I'm sitting in my swanky Fleenor seat at the game Saturday when to my right appears a platinum trashy blonde with her hipster duechbag boyfriend about to sit on my right side.
She takes off her ASU hoodie to reveal a tat sleeve on her right arm clearly visible because she is wearing a white wife beater and black yoga pants and has the body to pull it off. I think of all the stories here about ASU co eds. Her boyfriend is a dueche bag if I didn't mention that. Even at my advanced age I could have pounded him.
Then they started rooting hard for Penn State. And she was drunk at 2 in the afternoon.
So anyway the game begins and the torture chamber of watching Browning is usually bad enough but adding in our innovative 3rd down defense and I'm thinking about getting out of there at halftime.
I did notice that the blonde knew football and could talk intelligently about it. I was slightly aroused which at my age is common.
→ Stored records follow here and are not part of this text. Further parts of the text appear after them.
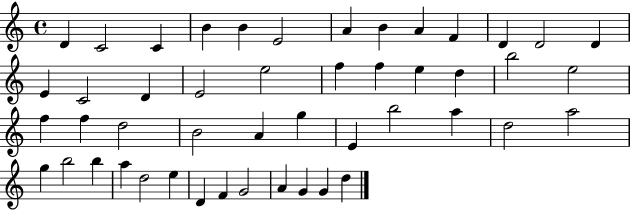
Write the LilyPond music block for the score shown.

{
  \clef treble
  \time 4/4
  \defaultTimeSignature
  \key c \major
  d'4 c'2 c'4 | b'4 b'4 e'2 | a'4 b'4 a'4 f'4 | d'4 d'2 d'4 | \break e'4 c'2 d'4 | e'2 e''2 | f''4 f''4 e''4 d''4 | b''2 e''2 | \break f''4 f''4 d''2 | b'2 a'4 g''4 | e'4 b''2 a''4 | d''2 a''2 | \break g''4 b''2 b''4 | a''4 d''2 e''4 | d'4 f'4 g'2 | a'4 g'4 g'4 d''4 | \break \bar "|."
}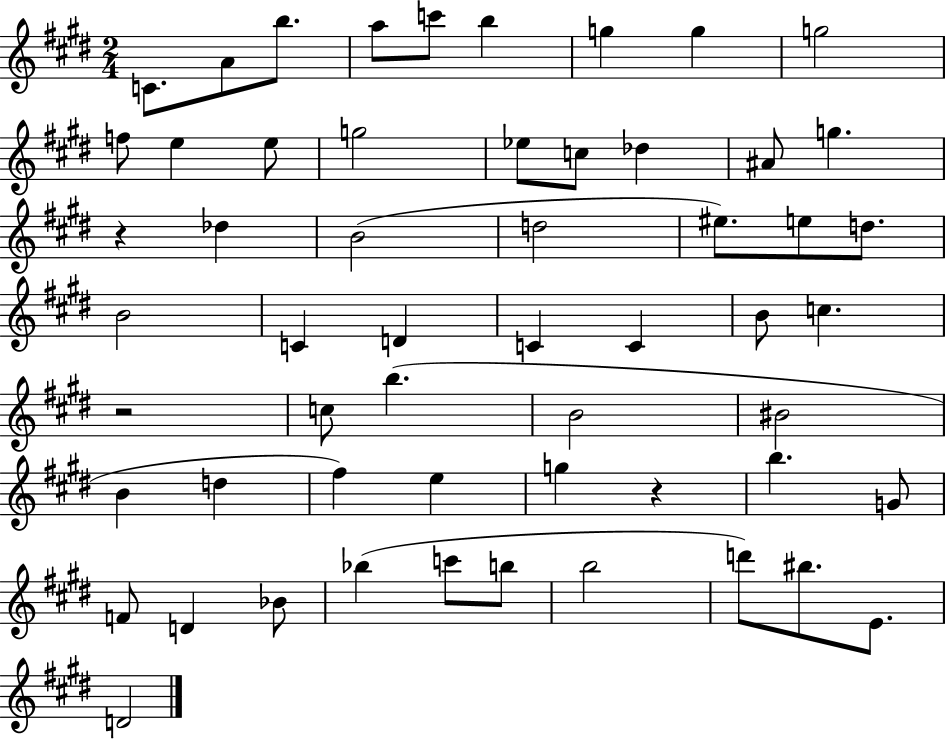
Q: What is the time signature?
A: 2/4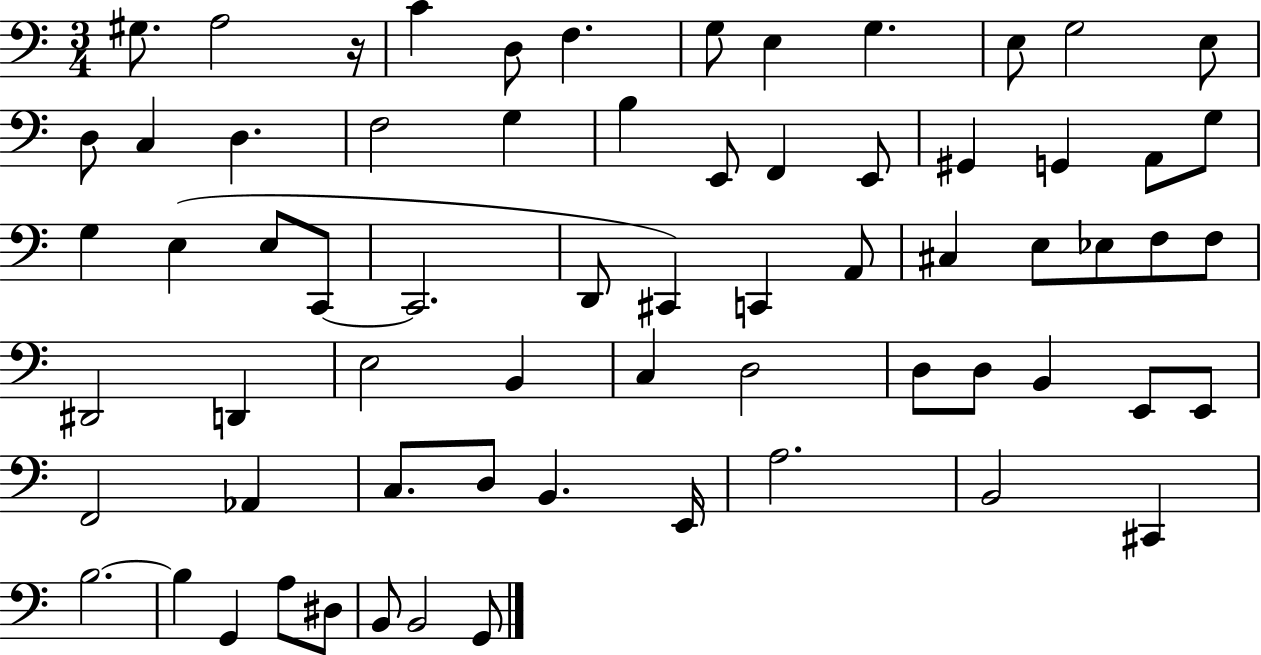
X:1
T:Untitled
M:3/4
L:1/4
K:C
^G,/2 A,2 z/4 C D,/2 F, G,/2 E, G, E,/2 G,2 E,/2 D,/2 C, D, F,2 G, B, E,,/2 F,, E,,/2 ^G,, G,, A,,/2 G,/2 G, E, E,/2 C,,/2 C,,2 D,,/2 ^C,, C,, A,,/2 ^C, E,/2 _E,/2 F,/2 F,/2 ^D,,2 D,, E,2 B,, C, D,2 D,/2 D,/2 B,, E,,/2 E,,/2 F,,2 _A,, C,/2 D,/2 B,, E,,/4 A,2 B,,2 ^C,, B,2 B, G,, A,/2 ^D,/2 B,,/2 B,,2 G,,/2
We? make the interception and as we're watching the replay she says he's out. At that point I say, his back foot was dragging before the other one hit. She turned to me and said, you're right, his back foot dragged. Sparks were flying now.
Then Browning gets hit late and she yells - well I guess they needed the help. I looked at her and said "hell yes we need the help have you been watching us?" Then I yelled - hit him again harder!
She laughed and at that point I could have swept her back to my room leaving her boyfriend in tears.
But I'm not you so I didn't. Keep giving us the vicarious life we deserve and Happy New Year noble savage. May the buffalo come to your tribe this summer.